Сегодня «парадная» космонавтика, которой так долго курили фимиам, вызывает всеобщее недоверие и порождает множество упреков в свой адрес. И упреки, кстати, не только из-за «закрытости», они во многом справедливы — ошибок обнаружилось предостаточно. Но поневоле задумаешься, стоило ли относить к категории государственных секретов драматические, наиболее поучительные страницы развития нашей космонавтики? Может, кстати, и драматизма ненужного поменьше было бы, если бы решали сложные, государственные задачи не келейно, узким кругом доверенных лиц, а посоветовавшись со знающими специалистами, «отбракованными» из-за того, что не имели они так называемого «допуска». Впрочем, кому-то культ секретности был удобен — как гарантия от критики.
Н1 называют «последней любовью» Королева. Из многих биографий Главного конструктора космических систем мы знаем, что он мечтал не только о выходе человечества в космос, но и о полете к другим планетам. Знаем и о том, что в отличие от многих фантазеров Королев умел свои проекты «доводить» до жизни. Первого, то есть космического, старта он добился. А второго? Неужели Сергей Павлович обошел вниманием ближайшее к Земле небесное тело, скромно ограничившись запуском к нему автоматических аппаратов?

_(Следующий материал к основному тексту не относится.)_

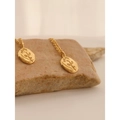 Detailed close-up of rose embossed golden oval pendant on a natural stone surface - Gold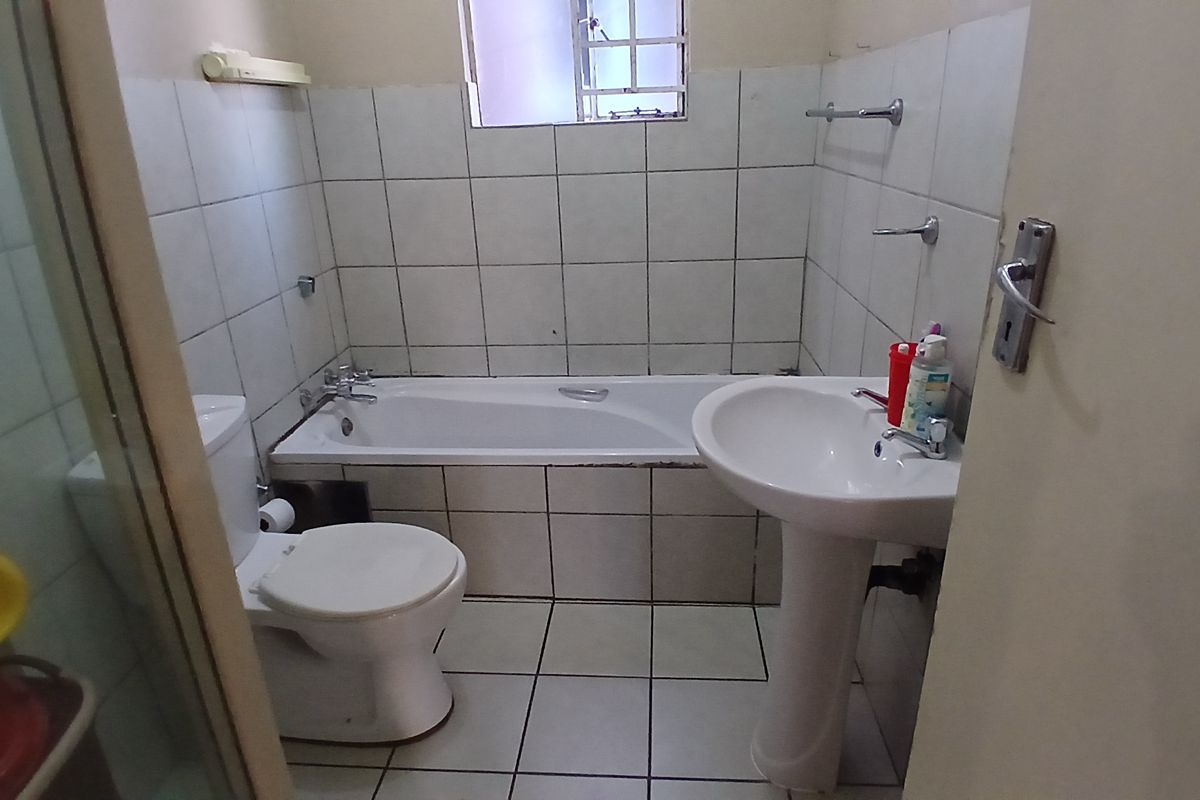 A functional bathroom featuring a bathtub, pedestal basin, toilet, and a separate shower enclosure with tiled finishes throughout.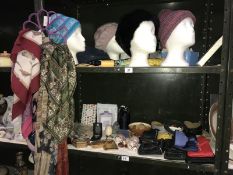 2 shelves of miscellaneous items, including belts, purses, scarves,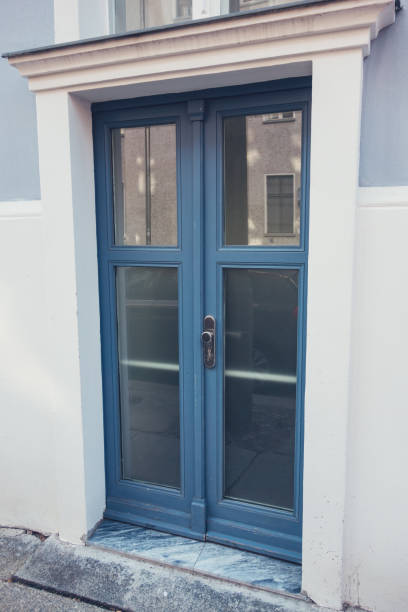 istock blue glass door on white wall 842346764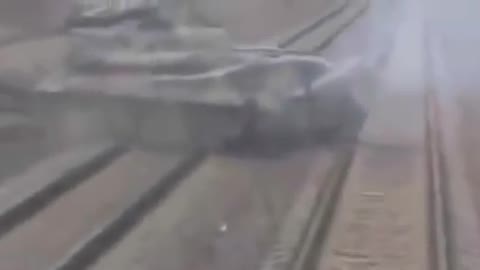 Video of Russian BMP-3 crossing in front of a Ukrainian train from the beginning of the war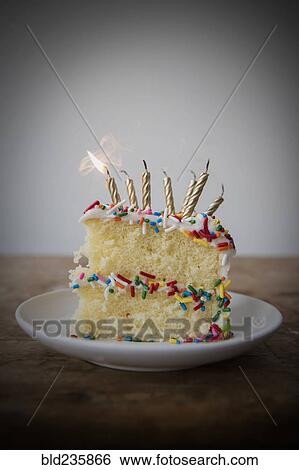Stock Photograph - Flickering candle burning cake with sprinkles on plate. Fotosearch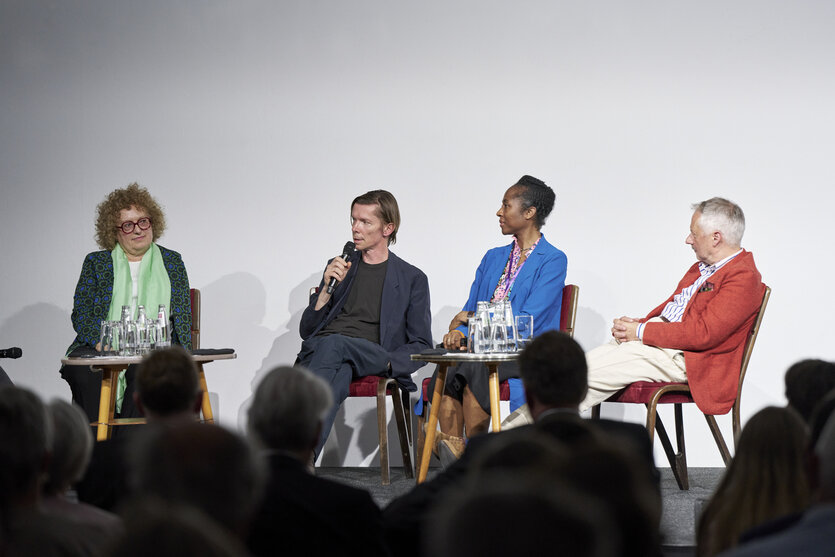 Auf dem Podium in der documenta-Halle sitzen die Kurator:innen Carolyn Christov-Bakargiev, Adam Szymczyk, Naomi Beckwith und Roger M. Buergel (v.l.n.r.)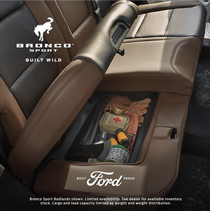 New Ford Bronco ad displays under seat storage for your gloves and knife available in white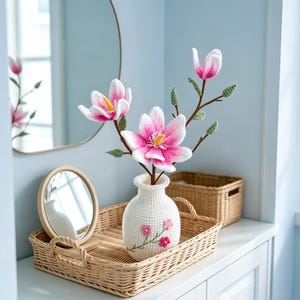 May include: A white crocheted vase with pink floral embroidery holds crocheted magnolia flowers with pink and white petals. The vase sits on a woven tray with a small round mirror and a wicker basket.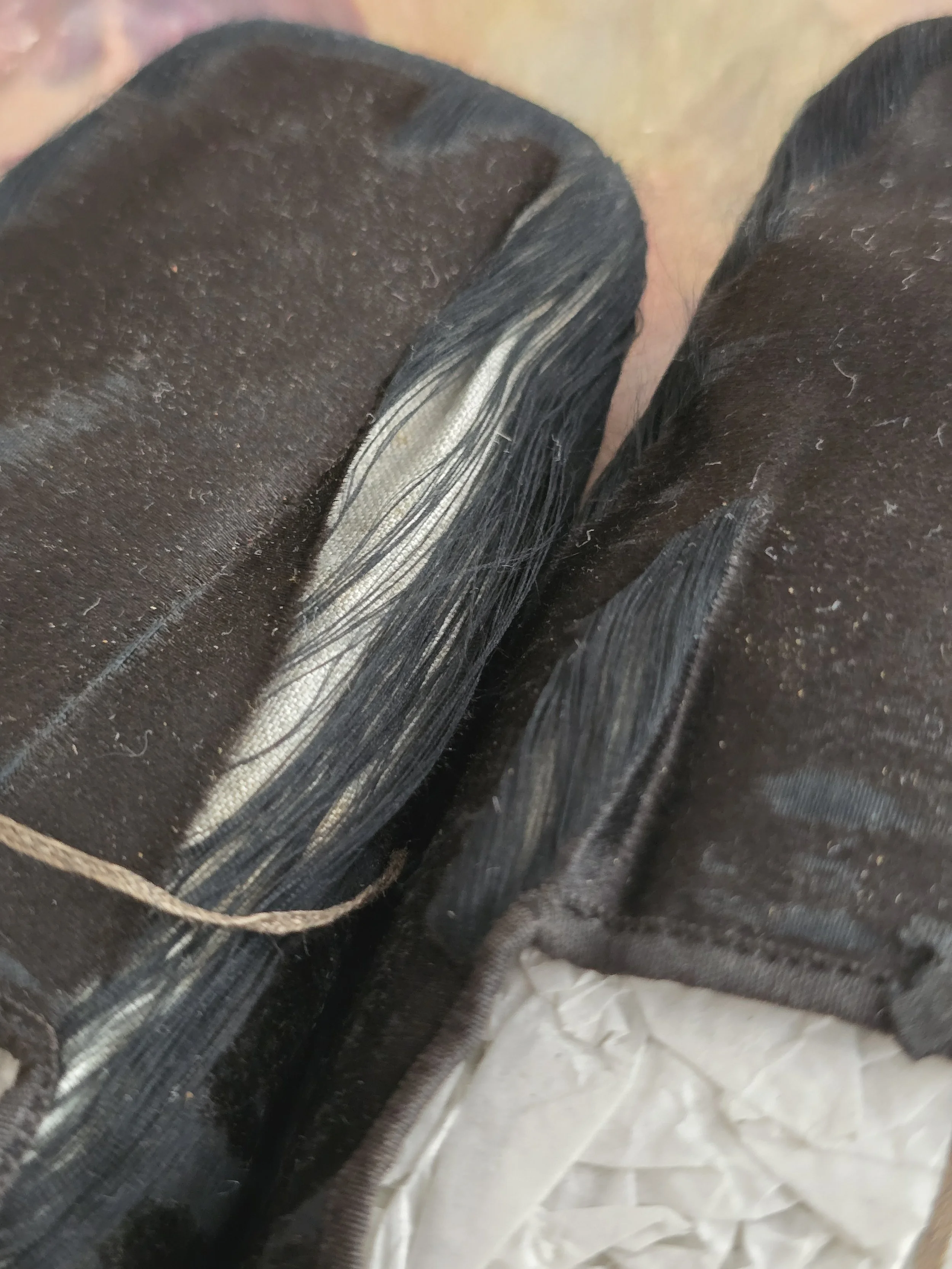 Detail of silk wear and original hand finished seams.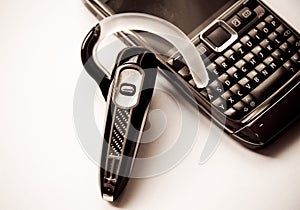 Handsfree bluetooth headset and mobile phone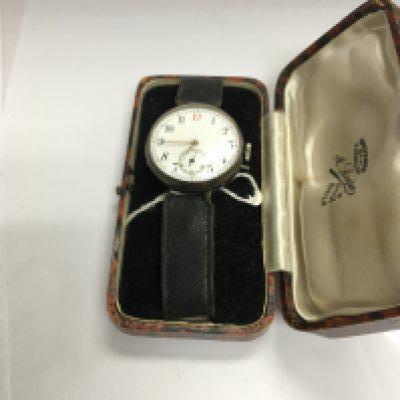 A vintage silver cased wrist watch.
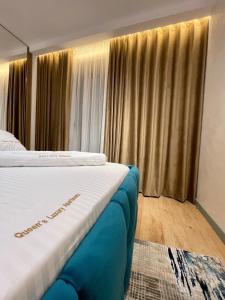 a bedroom with two beds and a window with curtains at Queens Luxury Apartments Tirana in Tirana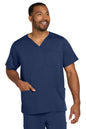Man wearing a navy blue scrub top with a pocket on a white background Wink® Men's Premiere Flex™ V-Neck Top
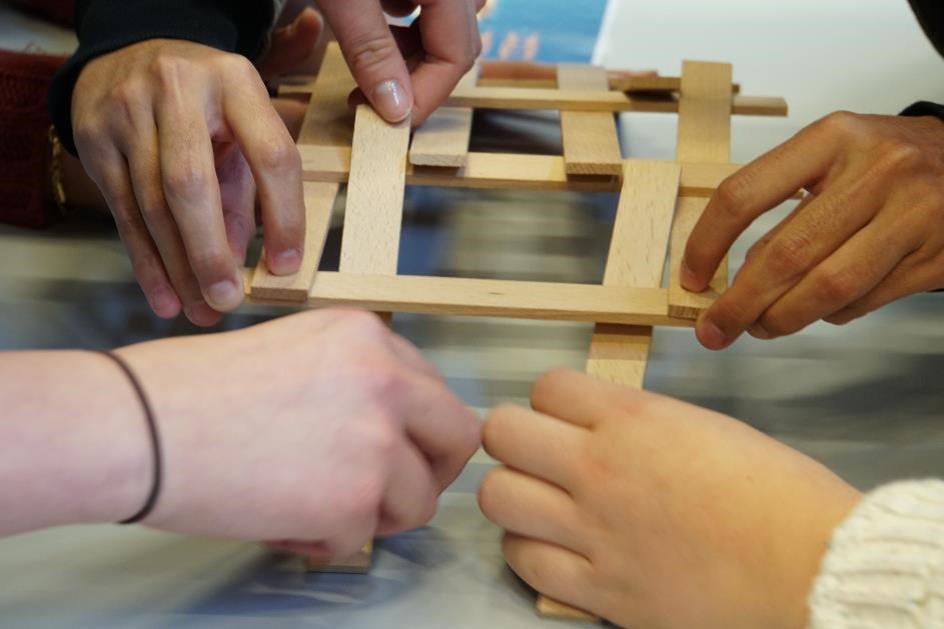 das Bild zeigt vier Hände, die gemeinsam eine Leonardo-Brücke aus Holz bauen
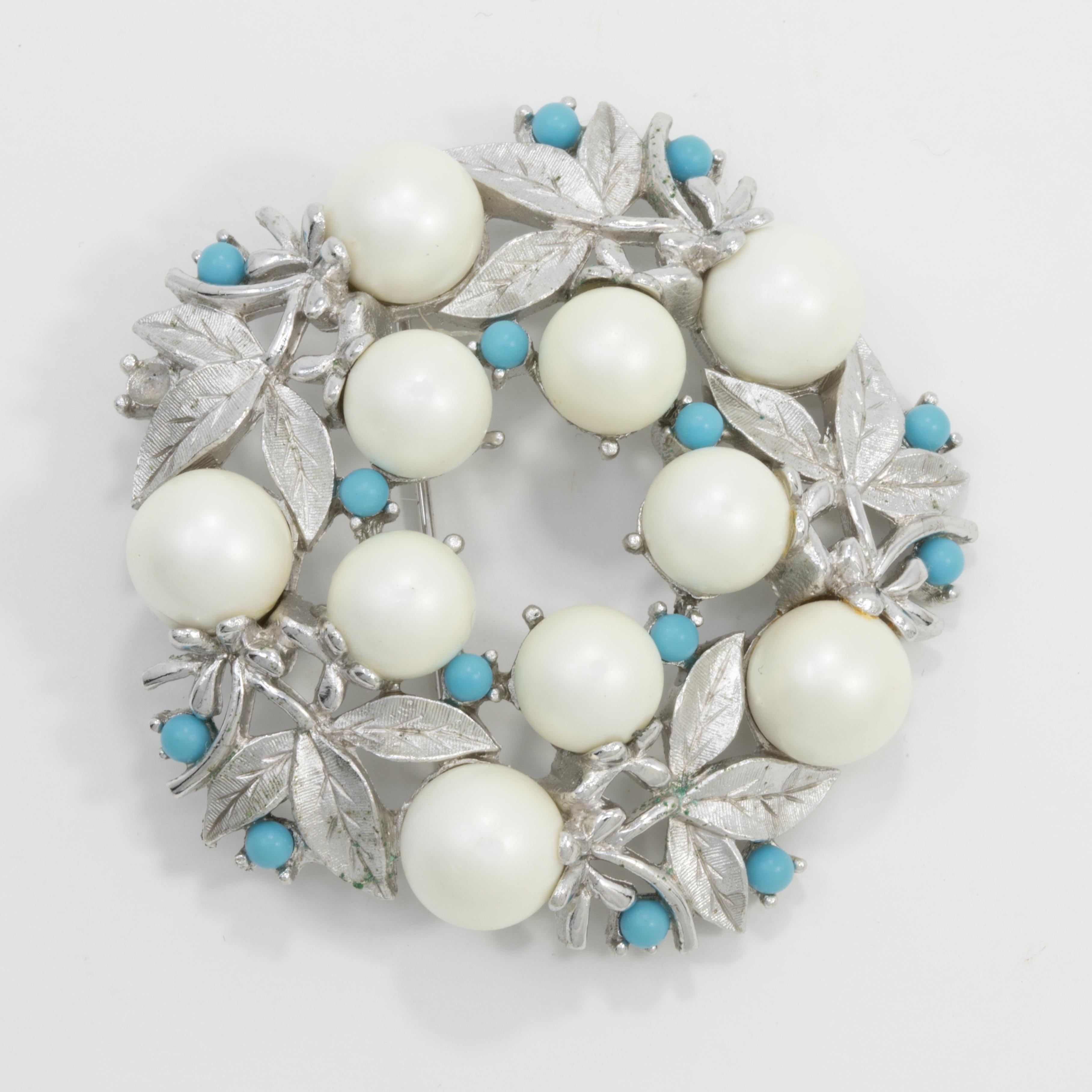 A stylish pin brooch by Sarah Coventry. Features faux pearls and turquoise-blue beads in a silver-tone floral wreath.

Marks, Hallmarks, Signatures: Sarah Cov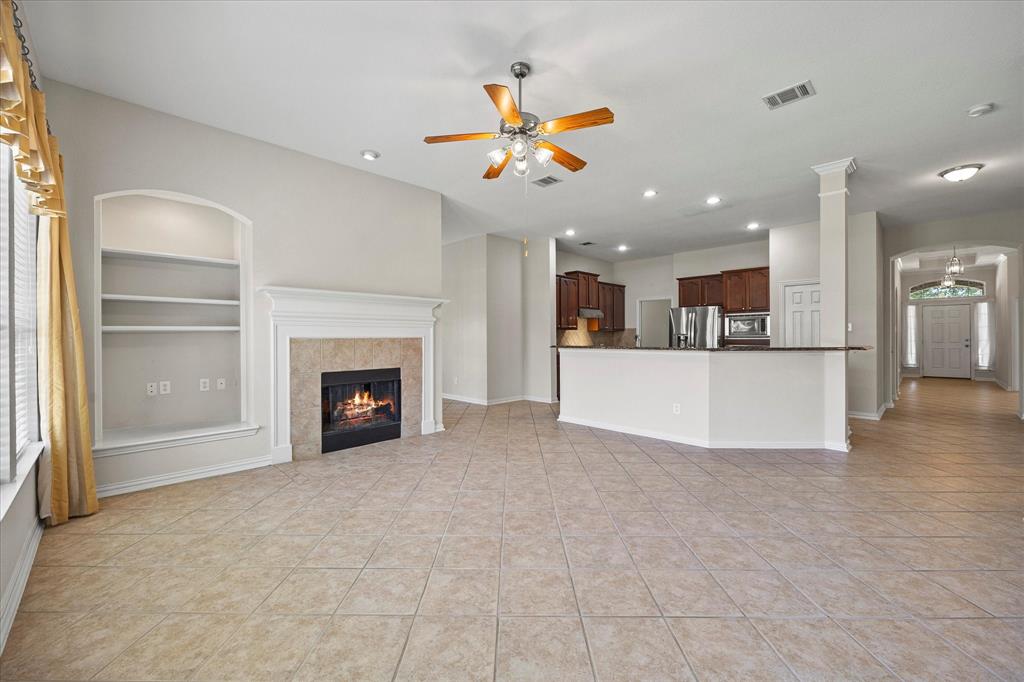 207 Leonard Way Fate, TX 75087 - Photo 17 of 31 a view of a livingroom with a kitchen and a fireplace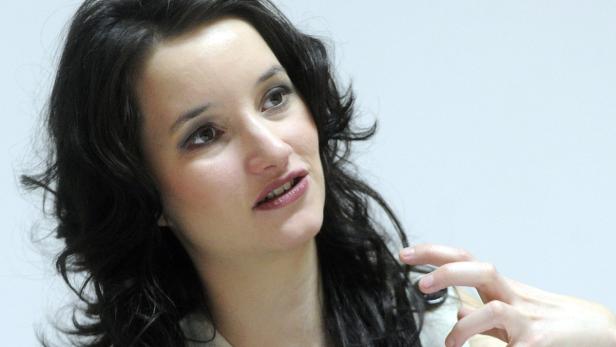 Eine Frau mit dunklen, gewellten Haaren schaut zur Seite.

К тому же создатель первых в мире космических кораблей был, безусловно, честолюбив. Его честолюбие заключалось не в том, чтобы получать звания и награды. Этому не способствовали и обстоятельства — будучи всю жизнь строго засекреченным, Королев даже на приемах в Кремле был вынужден снимать звезды Героя Социалистического Труда, а в газетах подписывался псевдонимом. Честолюбие Королева — это страстное желание сделать уникальную машину непременно первым, осуществить небывалый проект раньше всех. Однажды Сергею Павловичу представили график с оптимальными датами стартов к Луне, Венере, Марсу, другим планетам. Королев сказал: «Хорошо бы пройтись по всему этому фронту и везде оказаться первым». Но ведь американцы не делали секрета, что готовят десант на Луну. Значит...
Ничего это еще не значит. Потому что космические достижения совершаются не в лабораториях: для успеха нужны средства — и немалые. Здесь не место возвращаться к излюбленной ныне теме о конверсии, об отдаче вложенных в космонавтику денег. Все это справедливо, но на первых порах ассигнования на любую научную программу все-таки нужны. И получить их можно прежде всего у военных. По злой иронии все значительные научные и технические проекты XX века — от безобидного радио Попова до использования энергии расщепления атомного ядра — получали поддержку и право на практическую реализацию лишь в том случае, если были «обручены» с военно-промышленным комплексом. Не обошла эта участь и творца ракетной техники Королева, интересы которого были невероятно далеки от военной сферы. Тем не менее он всю жизнь работал рука об руку с военными, и одно из первых крупных заданий, полученных Королевым в области ракетостроения, было связано именно с военной техникой.